Segundo a escritora, esse é um título de representatividade e impacto positivo. “Lá encontrei uma comunidade brasileira enorme com profissionais que eu admiro muito. É uma honra inenarrável fazer parte da mudança que eu quero ver no projeto de mundo que acredito. Participar dessa comunidade global na condição de mulher negra, nordestina e baiana do interior da Bahia é um movimento gigantesco”, diz.
Integrante da Academia Internacional da Literatura Brasileira, Jessika já nasceu rodeada por histórias. Não poderia ser diferente: membro de uma família de professoras, ela diz que o amor pelas palavras vem do berço. Ainda jovem, postava as obras em blogs e redes sociais, e se aproximou ainda mais da parte teórica da escrita ao ingressar no curso de Letras da Ufba em 2013.
Jessika foi a primeira mulher a ocupar e residir oficialmente na I Residência Universitária Masculina da Ufba em 2013, que hoje é uma residência mista, e iniciou seus movimentos com palestras e promoções de discussões raciais dentro e fora da universidade.
Por quase dois anos, ela continuou a levar o gosto pela literatura para jovens através do Clube de Leitura Preta, grupo de estudos literários focado em autores negros brasileiros que acontecia numa escola quilombola em Jequié.
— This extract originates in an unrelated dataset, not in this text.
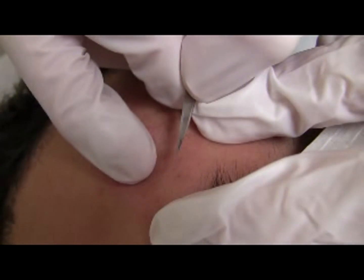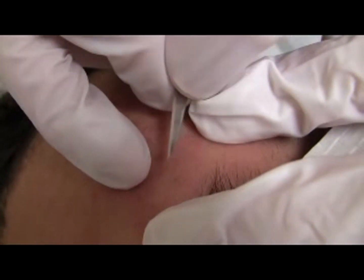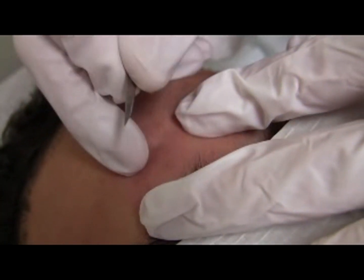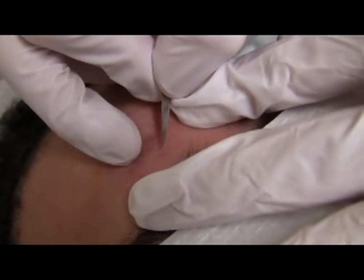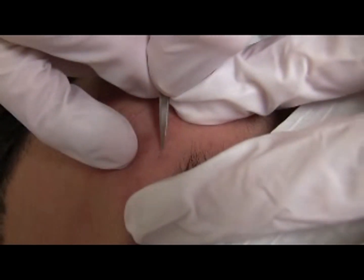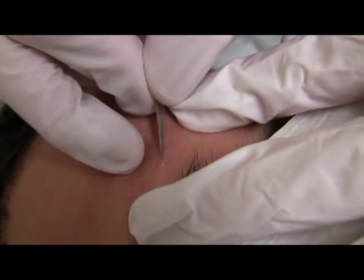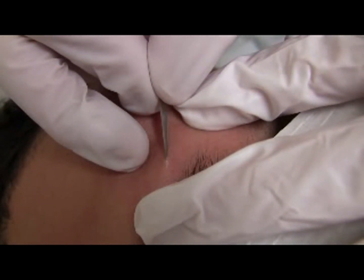Much like the intralesional injection, pull the left index toward you and insert the 11 blade at the base of the lesion. My left index is pulling towards me and the blade is being inserted to the base of the lesion. Advance it parallel to the skin, directly opposite the direction you are pulling with the left index finger.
Além das 25 crianças envolvidas, a ação movia mais de cem pessoas da região. Em novembro de 2023, por exemplo, uma das atividades dos estudantes do ensino fundamental foi a construção de um e-book com contos deles. O grupo, porém, precisou finalizar as atividades em dezembro do ano passado por falta de apoio da Secretaria de Educação do Estado. “Ver o clube encerrar suas atividades não é o fim, é o começo de uma nova era desse projeto que está enraizado na vida de diversas pessoas, inclusive na minha”, revela Jessika.
Para ela, desistir de ampliar o acesso à literatura não é uma opção. Como uma mulher negra e liderança feminina, a escritora diz ter consciência da importância da sua existência à frente dos projetos – e de como ainda causa incômodo naqueles de mente fechada. “Sempre falo que nossas conquistas enquanto pessoas negras nunca são tão individuais”, pondera.